Ein Woche lang verwandelte sich die Schlüchtern Platte in ein Naturatelier. Auf der Acis Wiese wurde gehämmert, gesägt und geschweißt. Am vergangenen Freitag wurden die Kunstwerke übergeben, die noch vor Wintereinbruch am Premiumwanderweg „Spessartbogen“ aufgestellt werden.
Die Idee zu dem Projekt hatten der Schlüchterner Unternehmer Karl Friedrich Rudolf und Fritz Dänner, Geschäftsführer des Naturparks Hessischer Spessart. „Berühmte Märchen und Kunst passt einfach und lässt Ideen wachsen“, betonte Dänner bei der Übergabe der Objekte. Die Skulpturen seien eine Aufwertung für den Bergwinkel. „Aber wir wollen nicht nur die Wanderer zum Innehalten und Nachdenken anregen, sondern auch uns Einheimischen in den 15 Kommunen entlang des Spessartbogens auffordern, mit eigenen Ideen und Mitteln etwas für unsere Heimat beizutragen“, betonte Initiator Fritz Dänner.
„Das Netz zwischen Künstlern, Ideen- und Geldgebern funktioniert. Was hier entstanden ist, ist eine Bereicherung für die Region und den Spessartbogen. Hier findet etwas seinen Ort, wo es hingehört“, lobte Vizelandrätin Susanne Simmler die Kunstoffensive. Man könne nicht in die Zukunft schauen, aber Zukunft gemeinsam bauen, hob die Erste Kreisbeigeordnete hervor. Den Naturpark begehbar machen und Menschen begeistern, sei ein Ziel, von dem sie sich erhoffe, dass die Ideen nicht ausgingen. „Mit offenen Augen aktiv wandern hat Zukunft.“
Ulrich Barnickel sprach von einer langen Verbundenheit zu Schlüchtern. Er und seine vier Mitstreiter hätten gerne einen Beitrag geleistet, die Bergwinkelregion und den Naturpark Spessart aufzuwerten. Der Schlitzer Metallbildhauer hatte eine knallrote Schatulle aus zwei Hälften geschaffen, in der er die von den Brüdern Grimm in den Kinder- und Hausmärchen unterschlagenen erotischen und schmutzigen Märchen versteckte.

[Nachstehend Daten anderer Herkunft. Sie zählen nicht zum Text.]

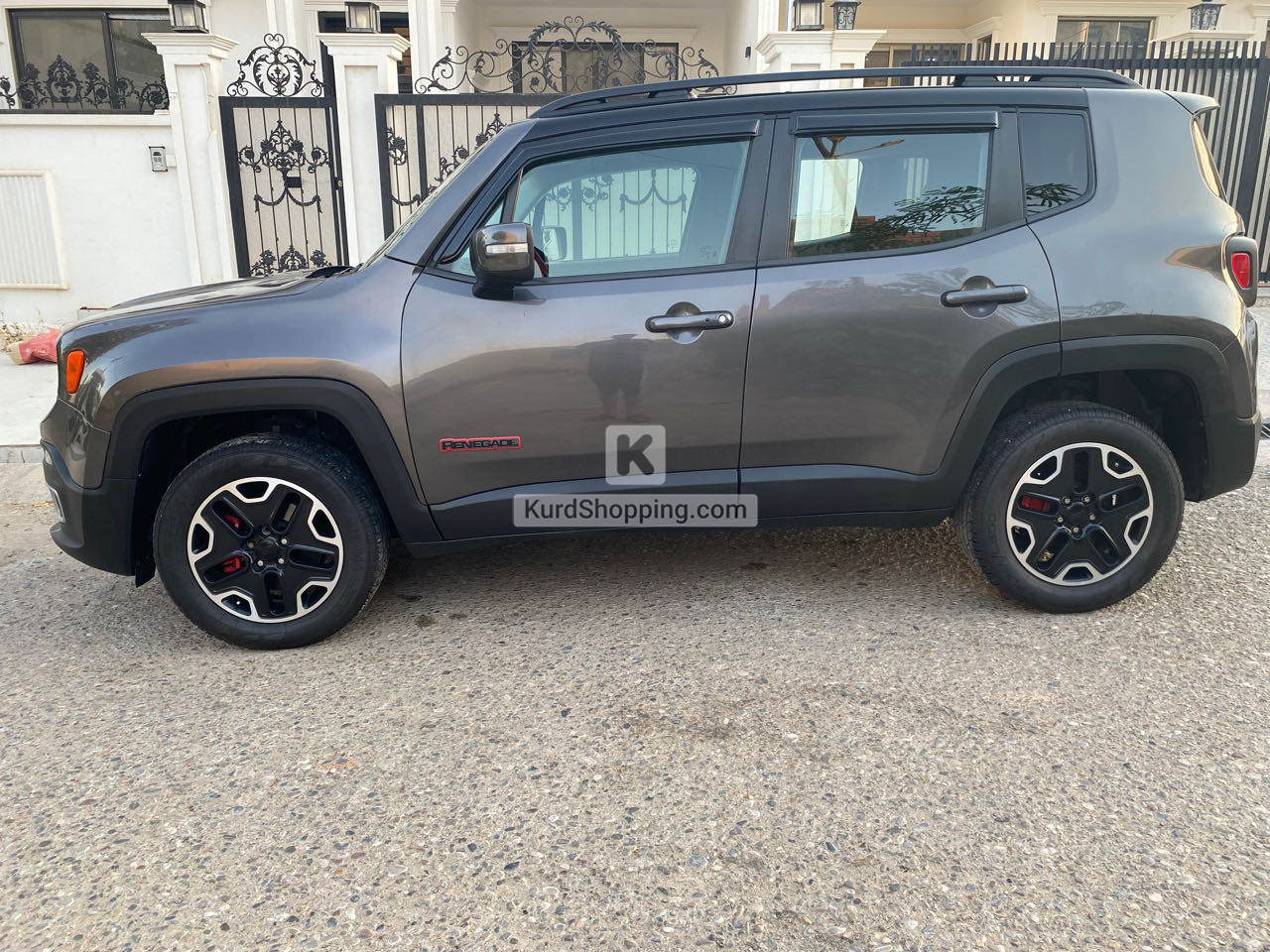 JEEP Renegade 2017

Ein Eichenstamm war die Vorlage für die minimalistische Arbeit von Jana Debroth. „Zunächst habe ich den Stamm entrindet und geschliffen. Der Baum steht für Liebe, Leben und Leidenschaft. Liebe ist die Kraft, die Böses in den Märchen überwindet. Der Stamm wird durch die Einkerbungen, die mit roter Farbe gefüllt sind, in zwei Teile geteilt“, erläuterte die Künstlerin. „Die roten Linien zeigen den Rhythmus und den Herzschlag eines Liebespaares.“
Der finnisch-türkische Künstler Hasan Fuat Sari hatte in reduzierter und kalligraphischer Form eine Metallskulptur geschaffen, bei der er den Betrachter „im positiven Sinne manipuliert, Figur und Form zu Ende zu denken, aber nicht zu begrenzen“.
Der Schweizer Künstler Beat Breitenstein arbeitet liebend gern mit Eichenholz. So hat er zwei Bohlen kreiert – die eine kerzengerade, die andere organisch. „In der Liebe geht es nicht immer gerade aus. Sie ist in Bewegung.“ Auf Augenhöhe hatte der Künstler drei Kupferplatten installiert, auf den die tragenden Begriffe der Märchen „Schneewittchen“ – Neid, Zwerge, eitel, Ebenholz –, „Rotkäppchen“ – Wolf, Steine, Kappe, Schlauheit – und „Tischlein Deck Dich“ Fantasien und Erinnerungen beim Betrachter hervorrufen.
Seine geheimnisvolle Kunststofffigur im in Harz getränktem Leinentuch will der Schlüchterner Künstler Lars Tae-Zun Kempel der Natur zurück geben. „Die mysteriöse Figur soll richtig verwittern. Mehr deuten will ich aber nicht“, berichtete er.
Eingebunden in die Kunstaktion ist eine Ausstellung im Einrichtungshaus Rudolf in der Schlüchterner Klosterstraße. Dort sind beispielsweise Barnickels „Zwang“ aus dem „Weg der Hoffnung“ im Maßstab 1:10, Beats „Vergoldetes Eichenblatt“,Saris „Springende Tiere“ und viele Formen, die vom Betrachter noch zu Ende gedacht werden müssen, bis Ende des Monats zu bewundern.